Dolan, 63, who lives in Lindenhurst, was a social studies teacher for 15 years at Canastota High School in Canastota, N.Y. He began his administrator career path accepting the position of dean at Hewlett High School in in 1981. He went on to become principal at two different schools — Cold Spring Harbor Jr./Sr. High School and H. Frank Carey Junior-Senior High School in Franklin Square, where he was beloved by students, including Jennifer Masa, the administrative dean and coordinator of the special education department at Locust Valley High School.
Dolan was at Carey until 2000, leaving after Masa completed her sophomore year.

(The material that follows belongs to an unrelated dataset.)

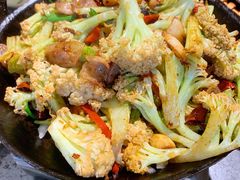 干锅菜花-华盛园卷子王农家菜水库鱼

“When he left we felt his absence,” said Masa, adding that he was very popular. “He had the ability to bring all the students together. Dr. Dolan promoted inclusion before it was trendy.”
Masa remembers Dolan as someone who spoke to every student with respect, never needing to demand it for himself.

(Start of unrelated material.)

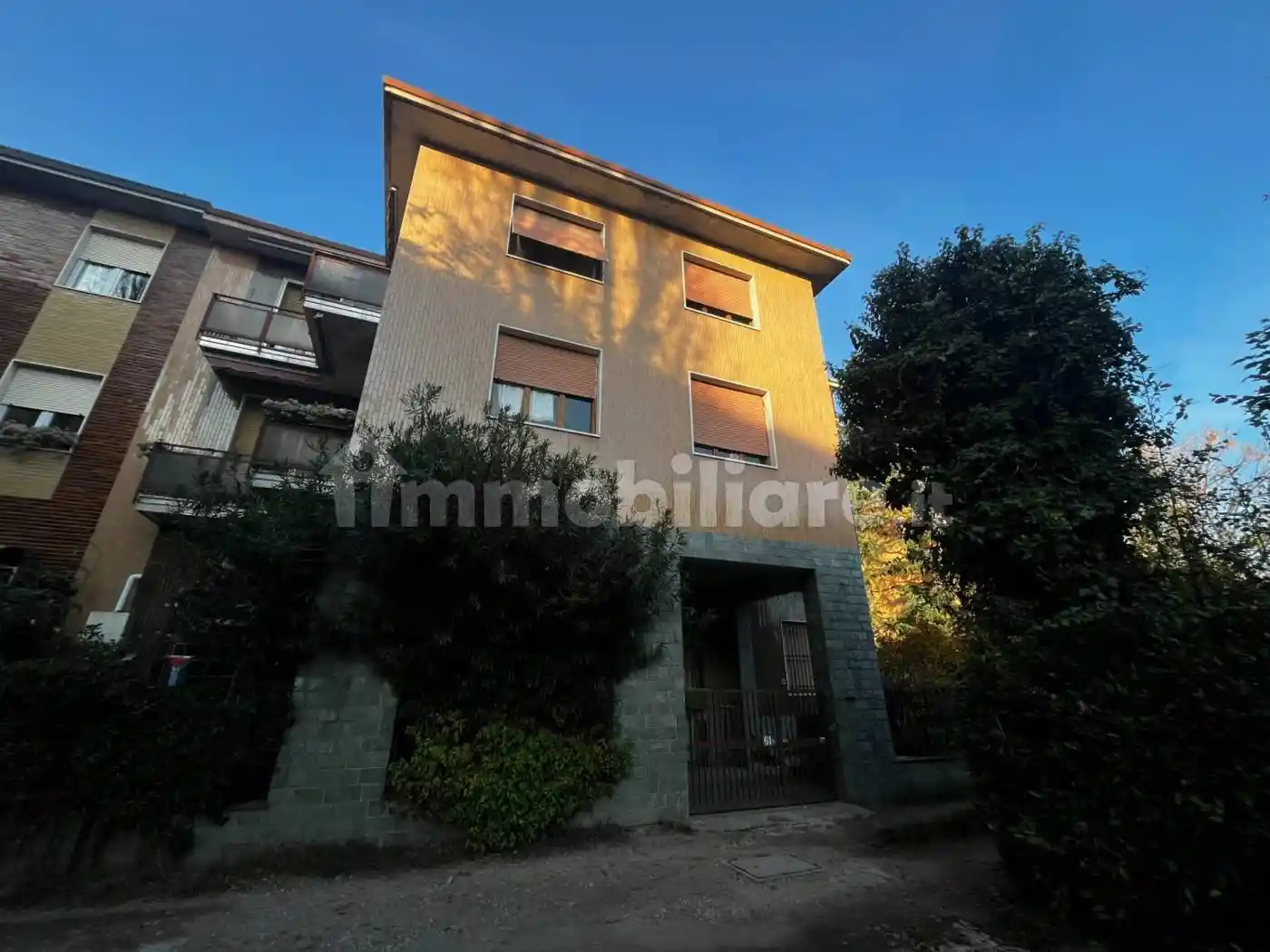 Palazzo - Edificio in Vendita - foto 2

“He was funny and he was at everything, never leaving at 3,” Masa recalled. “And he knew your name and your sibling’s name too.”

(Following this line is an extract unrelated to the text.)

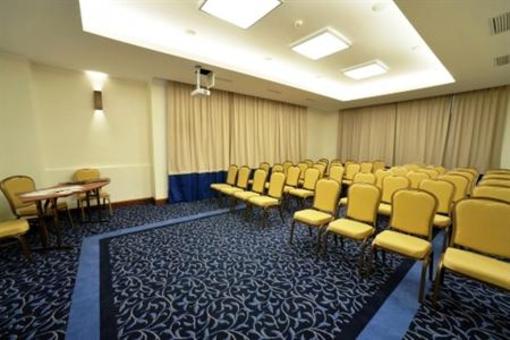 фото отеля Hotel Park Rekreacyjno Biznesowy Las Woda Wilga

Dolan became an assistant superintendent at Manhasset Public Schools and a superintendent twice, in Franklin Square Elementary School District and then at Great Neck Public Schools.
He tried to retire several times but didn’t because he said opportunities kept coming his way that he couldn’t resist. One offer was to be the interim president at Nassau Community College for a year in 2015, another was to open a graduate center in Hauppauge for St. John’s University. He then worked as the interim director at Northport-East Northport School District until June 2019.
Coming to Locust Valley as an acting superintendent is another opportunity that Dolan said he will relish.
“At the first board meeting the interaction between the board and staff was so mutually respectful and supportive I thought, ‘Yeah, this is going to be good,’” Dolan, said. “I’m glad I’m here.”
He has three priorities for LVSD that he said are of equal importance. The first is relationship building. He’d like to get to know everyone, he said — administrators, parent leaders and students. Working to develop effective work relationships is important, Dolan said, and should be done “before there is a need to develop one.”
His second priority is to get a handle on the facilities and has already toured the district and seen all of the buildings.
Finally, he’s immersing himself in what he referred to as the “documentary” — the test scores and board agendas. “I’m looking into as many documents as I can to learn about the history of the place,” he explained.
Dolan possesses a number of attributes that he said he believes will assist him in being an effective leader. He is flexible, positive, a lifelong learner and because he has five grown children he can relate to a parent’s concerns, he said.
“My lessons and the grey hair they brought can serve me well,” he said, smiling. “And I enjoy the company of kids — their enthusiasm. I will enjoy the opportunity to create an environment where the students can learn and enjoy themselves.”
Dolan has a hobby that will surely intrigue some students. He was a professional baseball umpire at the college and high school levels for 20 years. And in the late 1990’s he worked twice as an umpire at Yankee Stadium. He said it was exciting at first but then, “Once the game started I realized something — the field is the same there as anywhere else,” Dolan said.
Masa said she was surprised when she learned that Dolan would be coming to Locust Valley. So was Robert Levy, a Locust Valley High School social studies teacher. Dolan was Levy’s social studies teacher in 1986.
“He was so innovative with how he taught that you didn’t realize you were learning,” Levy said. “He’s a person who definitely puts children first, whether in terms of teaching or helping that person achieve their personal goals. He inspired me to become a teacher.”